■ ABOUT THIS TASK
Every single entry that follows must be copied exactly.

── DATASET RECORDS ──

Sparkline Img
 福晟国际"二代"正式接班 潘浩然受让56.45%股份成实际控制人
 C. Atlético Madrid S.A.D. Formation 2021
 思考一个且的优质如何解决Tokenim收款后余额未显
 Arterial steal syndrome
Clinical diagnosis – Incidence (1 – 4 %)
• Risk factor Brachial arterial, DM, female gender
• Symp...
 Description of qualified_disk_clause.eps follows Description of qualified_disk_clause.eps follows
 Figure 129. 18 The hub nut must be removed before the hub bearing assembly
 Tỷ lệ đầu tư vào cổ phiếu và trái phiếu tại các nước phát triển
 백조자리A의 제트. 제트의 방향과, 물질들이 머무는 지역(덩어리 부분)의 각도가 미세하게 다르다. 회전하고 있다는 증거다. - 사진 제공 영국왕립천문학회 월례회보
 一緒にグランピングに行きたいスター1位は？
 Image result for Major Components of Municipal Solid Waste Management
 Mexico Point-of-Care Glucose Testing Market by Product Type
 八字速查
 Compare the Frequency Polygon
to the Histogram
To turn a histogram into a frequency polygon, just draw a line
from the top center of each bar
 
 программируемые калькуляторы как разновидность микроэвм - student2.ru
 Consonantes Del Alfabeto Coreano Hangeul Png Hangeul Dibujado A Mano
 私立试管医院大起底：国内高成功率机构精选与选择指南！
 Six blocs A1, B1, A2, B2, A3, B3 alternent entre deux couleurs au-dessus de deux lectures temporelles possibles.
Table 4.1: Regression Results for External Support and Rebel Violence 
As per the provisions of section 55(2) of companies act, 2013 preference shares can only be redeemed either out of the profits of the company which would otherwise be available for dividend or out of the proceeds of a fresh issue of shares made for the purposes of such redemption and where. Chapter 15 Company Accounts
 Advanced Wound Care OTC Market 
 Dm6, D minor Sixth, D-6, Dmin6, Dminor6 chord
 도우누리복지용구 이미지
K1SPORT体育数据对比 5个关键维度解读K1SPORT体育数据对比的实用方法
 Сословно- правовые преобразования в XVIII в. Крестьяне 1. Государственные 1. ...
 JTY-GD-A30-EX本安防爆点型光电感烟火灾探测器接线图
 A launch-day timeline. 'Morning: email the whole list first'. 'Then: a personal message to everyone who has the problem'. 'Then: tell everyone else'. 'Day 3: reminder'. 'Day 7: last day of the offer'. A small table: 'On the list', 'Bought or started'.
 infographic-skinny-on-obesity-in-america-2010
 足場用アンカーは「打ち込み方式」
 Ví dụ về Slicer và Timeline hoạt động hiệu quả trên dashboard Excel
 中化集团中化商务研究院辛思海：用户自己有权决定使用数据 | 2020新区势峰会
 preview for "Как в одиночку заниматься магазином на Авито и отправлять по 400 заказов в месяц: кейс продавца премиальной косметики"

───

■ RESPONSE AREA
Sparkline Img
 福晟国际"二代"正式接班 潘浩然受让56.45%股份成实际控制人
 C. Atlético Madrid S.A.D. Formation 2021
 思考一个且的优质如何解决Tokenim收款后余额未显
 Arterial steal syndrome
Clinical diagnosis – Incidence (1 – 4 %)
• Risk factor Brachial arterial, DM, female gender
• Symp...
 Description of qualified_disk_clause.eps follows Description of qualified_disk_clause.eps follows
 Figure 129. 18 The hub nut must be removed before the hub bearing assembly
 Tỷ lệ đầu tư vào cổ phiếu và trái phiếu tại các nước phát triển
 백조자리A의 제트. 제트의 방향과, 물질들이 머무는 지역(덩어리 부분)의 각도가 미세하게 다르다. 회전하고 있다는 증거다. - 사진 제공 영국왕립천문학회 월례회보
 一緒にグランピングに行きたいスター1位は？
 Image result for Major Components of Municipal Solid Waste Management
 Mexico Point-of-Care Glucose Testing Market by Product Type
 八字速查
 Compare the Frequency Polygon
to the Histogram
To turn a histogram into a frequency polygon, just draw a line
from the top center of each bar
 
 программируемые калькуляторы как разновидность микроэвм - student2.ru
 Consonantes Del Alfabeto Coreano Hangeul Png Hangeul Dibujado A Mano
 私立试管医院大起底：国内高成功率机构精选与选择指南！
 Six blocs A1, B1, A2, B2, A3, B3 alternent entre deux couleurs au-dessus de deux lectures temporelles possibles.
Table 4.1: Regression Results for External Support and Rebel Violence 
As per the provisions of section 55(2) of companies act, 2013 preference shares can only be redeemed either out of the profits of the company which would otherwise be available for dividend or out of the proceeds of a fresh issue of shares made for the purposes of such redemption and where. Chapter 15 Company Accounts
 Advanced Wound Care OTC Market 
 Dm6, D minor Sixth, D-6, Dmin6, Dminor6 chord
 도우누리복지용구 이미지
K1SPORT体育数据对比 5个关键维度解读K1SPORT体育数据对比的实用方法
 Сословно- правовые преобразования в XVIII в. Крестьяне 1. Государственные 1. ...
 JTY-GD-A30-EX本安防爆点型光电感烟火灾探测器接线图
 A launch-day timeline. 'Morning: email the whole list first'. 'Then: a personal message to everyone who has the problem'. 'Then: tell everyone else'. 'Day 3: reminder'. 'Day 7: last day of the offer'. A small table: 'On the list', 'Bought or started'.
 infographic-skinny-on-obesity-in-america-2010
 足場用アンカーは「打ち込み方式」
 Ví dụ về Slicer và Timeline hoạt động hiệu quả trên dashboard Excel
 中化集团中化商务研究院辛思海：用户自己有权决定使用数据 | 2020新区势峰会
 preview for "Как в одиночку заниматься магазином на Авито и отправлять по 400 заказов в месяц: кейс продавца премиальной косметики"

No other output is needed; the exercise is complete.